Jocoy & DiBiase (2006, p.9) devised a three-prong strategy to prevent plagiarism. This strategy revolves around ensuring that the university’s policies on academic integrity are referred, customized guidelines are developed for the course, and each student passes a quiz on academic integrity to unlock the assignment’s instructions. In my view, this should be more than enough to prevent plagiarism. Yet, the results showed that not only did this strategy “only marginally reduced rates of plagiarism,” but the “improvement was not statistically significant” (2006, p. 10). These results only left me with a bigger void in my pursuit towards preventing and detecting plagiarism. This was so until Palloff and Pratt (Laureate Education, Inc., 2012) opened my eyes to a new way of viewing this problem.
Palloff’s and Pratt’s (Laureate Education, Inc., 2012) novel idea is to stop focusing our energy on catching and preventing plagiarism, and develop course, test, and assignments that emulate the way our learners problem solve in real life. They give the example that in real life when our bosses give us a problem that needs fixing they don’t lock us up in a room by ourselves and expect us to develop the answer in a vacuum. Instead, for many of us, the first thing we do is to do a quick search on Google, or any other search engine, to see if someone has posted any leads on possible answers to the problem.
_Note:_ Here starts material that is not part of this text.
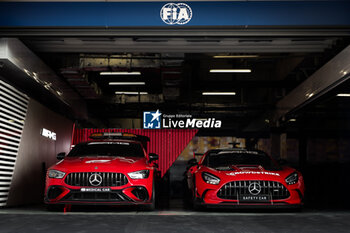2024-04-19 - FIA Mercedes-AMG GT 63 S 4MATIC+ Medical Car & FIA Mercedes-AMG GT Black Series Safety Car during the Formula 1 Lenovo Chinese Grand Prix 2024, 5th round of the 2024 Formula One World Championship from April 19 to 21, 2024 on the Shanghai International Circuit, in Shanghai, China - F1 - CHINESE GRAND PRIX 2024 - FORMULA 1 - MOTORS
This practice has become so popular that society has coined the verve “googled,” as in “I just googled that, and….” This custom has become so imbedded in our culture that this month Senate Bill 2206 (2014), the Let Me Google That For You Act, was introduced to do away with the National Technology Information Service (NTIS), citing that Google is better at retrieving data than the NTIS without charging a fee like the NTIS does. Likewise, in real life people are allowed to collaborate with others in the process of solving the problem or task without running the risk of being branded a cheater. Therefore, Palloff and Pratt (Laureate Education, Inc., 2012) conclude that if the tests, assignments, and courses are designed to allow collaboration among the learners with the expectation that they will need to draw upon reference material, then students will not feel the need to cheat or plagiarize. They also recognize the important role that educators have to guide, teach, and correct our learners when they, unintentionally, plagiarize.




References
Jocoy, C., & DiBiase, D. (2006). Plagiarism by adult learners online: A case study in detection and remediation. International Review of Research in Open & Distance Learning, 7(1), 1–15.
Laureate Education, Inc. (Executive Producer). (2012). Plagiarism and cheating. Baltimore, MD: Author. (approximate length: 10 minutes)
Dr. Rena Palloff and Dr. Keith Pratt discuss effective methods for dealing with plagiarism in distance education.